[ACTIVITY] Every record below should appear in your answer, copied exactly.

***** RECORDS SHOWN

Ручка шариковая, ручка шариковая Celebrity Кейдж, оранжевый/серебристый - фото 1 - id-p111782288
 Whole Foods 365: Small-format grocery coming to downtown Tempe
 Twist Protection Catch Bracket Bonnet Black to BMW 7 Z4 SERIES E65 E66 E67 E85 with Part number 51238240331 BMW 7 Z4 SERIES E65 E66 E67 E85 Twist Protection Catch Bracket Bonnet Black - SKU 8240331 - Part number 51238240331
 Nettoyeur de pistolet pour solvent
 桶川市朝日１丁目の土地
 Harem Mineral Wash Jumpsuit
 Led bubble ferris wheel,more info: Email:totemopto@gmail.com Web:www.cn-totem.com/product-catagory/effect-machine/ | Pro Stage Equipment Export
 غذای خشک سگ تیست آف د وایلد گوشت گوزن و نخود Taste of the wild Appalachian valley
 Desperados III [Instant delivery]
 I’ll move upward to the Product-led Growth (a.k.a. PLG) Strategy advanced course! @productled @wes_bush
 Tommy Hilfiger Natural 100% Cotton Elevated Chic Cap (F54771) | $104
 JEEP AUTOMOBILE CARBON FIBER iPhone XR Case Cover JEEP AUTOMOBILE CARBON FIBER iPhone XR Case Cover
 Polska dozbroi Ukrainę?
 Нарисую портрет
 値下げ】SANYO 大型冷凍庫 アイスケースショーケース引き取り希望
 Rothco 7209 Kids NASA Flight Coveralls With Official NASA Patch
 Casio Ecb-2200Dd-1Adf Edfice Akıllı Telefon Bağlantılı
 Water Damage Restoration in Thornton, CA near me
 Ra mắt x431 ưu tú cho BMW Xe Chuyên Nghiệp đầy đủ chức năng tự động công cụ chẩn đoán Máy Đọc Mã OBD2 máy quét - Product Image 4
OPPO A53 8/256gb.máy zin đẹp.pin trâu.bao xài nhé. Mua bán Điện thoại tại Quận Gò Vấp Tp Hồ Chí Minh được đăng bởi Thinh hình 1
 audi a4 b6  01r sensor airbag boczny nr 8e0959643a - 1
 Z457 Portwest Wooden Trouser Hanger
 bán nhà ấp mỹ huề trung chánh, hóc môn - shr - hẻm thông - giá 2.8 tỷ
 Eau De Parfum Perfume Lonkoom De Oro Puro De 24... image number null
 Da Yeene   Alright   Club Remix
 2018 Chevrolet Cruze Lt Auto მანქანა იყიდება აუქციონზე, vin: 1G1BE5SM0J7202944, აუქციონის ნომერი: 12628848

**********

[ANSWER BOX]
Ручка шариковая, ручка шариковая Celebrity Кейдж, оранжевый/серебристый - фото 1 - id-p111782288
 Whole Foods 365: Small-format grocery coming to downtown Tempe
 Twist Protection Catch Bracket Bonnet Black to BMW 7 Z4 SERIES E65 E66 E67 E85 with Part number 51238240331 BMW 7 Z4 SERIES E65 E66 E67 E85 Twist Protection Catch Bracket Bonnet Black - SKU 8240331 - Part number 51238240331
 Nettoyeur de pistolet pour solvent
 桶川市朝日１丁目の土地
 Harem Mineral Wash Jumpsuit
 Led bubble ferris wheel,more info: Email:totemopto@gmail.com Web:www.cn-totem.com/product-catagory/effect-machine/ | Pro Stage Equipment Export
 غذای خشک سگ تیست آف د وایلد گوشت گوزن و نخود Taste of the wild Appalachian valley
 Desperados III [Instant delivery]
 I’ll move upward to the Product-led Growth (a.k.a. PLG) Strategy advanced course! @productled @wes_bush
 Tommy Hilfiger Natural 100% Cotton Elevated Chic Cap (F54771) | $104
 JEEP AUTOMOBILE CARBON FIBER iPhone XR Case Cover JEEP AUTOMOBILE CARBON FIBER iPhone XR Case Cover
 Polska dozbroi Ukrainę?
 Нарисую портрет
 値下げ】SANYO 大型冷凍庫 アイスケースショーケース引き取り希望
 Rothco 7209 Kids NASA Flight Coveralls With Official NASA Patch
 Casio Ecb-2200Dd-1Adf Edfice Akıllı Telefon Bağlantılı
 Water Damage Restoration in Thornton, CA near me
 Ra mắt x431 ưu tú cho BMW Xe Chuyên Nghiệp đầy đủ chức năng tự động công cụ chẩn đoán Máy Đọc Mã OBD2 máy quét - Product Image 4
OPPO A53 8/256gb.máy zin đẹp.pin trâu.bao xài nhé. Mua bán Điện thoại tại Quận Gò Vấp Tp Hồ Chí Minh được đăng bởi Thinh hình 1
 audi a4 b6  01r sensor airbag boczny nr 8e0959643a - 1
 Z457 Portwest Wooden Trouser Hanger
 bán nhà ấp mỹ huề trung chánh, hóc môn - shr - hẻm thông - giá 2.8 tỷ
 Eau De Parfum Perfume Lonkoom De Oro Puro De 24... image number null
 Da Yeene   Alright   Club Remix
 2018 Chevrolet Cruze Lt Auto მანქანა იყიდება აუქციონზე, vin: 1G1BE5SM0J7202944, აუქციონის ნომერი: 12628848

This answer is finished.